There are seven members of the Francis Howell School Board. Five, including Puszkar, were elected in April 2022 and April 2023 with backing from Francis Howell Families, a Republican-supported PAC. 

On its website, the PAC expressed broad support for the bathroom policy, saying that it ensured the preferences of transgender students were respected by mandating single-use restrooms in every school. 

“Policy 2116 also defends the privacy and safety of everyone else who abides by the biological sex on their birth certificate,” a post on Francis Howell Families’ website reads. It continues, referencing the debunked idea that some schools have provided litterboxes for students who identify as animals, “It mandates that only toilets and urinals can be used to dispose of human waste (in other words, no cat litter-boxes for staff to clean up).”

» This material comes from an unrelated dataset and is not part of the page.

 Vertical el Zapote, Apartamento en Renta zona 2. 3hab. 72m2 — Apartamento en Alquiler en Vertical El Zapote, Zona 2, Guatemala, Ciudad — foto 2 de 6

The board originally planned to vote on the policy on November 16. The matter was tabled, however, in order to provide board members more time to “obtain any additional information they deem applicable in making decisions around this issue,” Bertrand, the board president, wrote on Facebook.

Collins has just one semester of high school left in high school, but says he’s still scared about what this policy could do once finally voted on. Earlier this month, he testified against the policy at a school board meeting even though it wasn’t on the agenda. 

“I’m terrified for them,” Collins says of his younger schoolmates. “I’m mostly here just to make sure that they survive to graduate.” 

Hormuth’s family plans to take legal action if the policy gets approved. His mom, Becky Hormuth, is a literacy coach at an elementary school in the district, and plans to take her son out of the school by the end of the year. 

She says, “I do not want him back in the halls of Francis Howell.”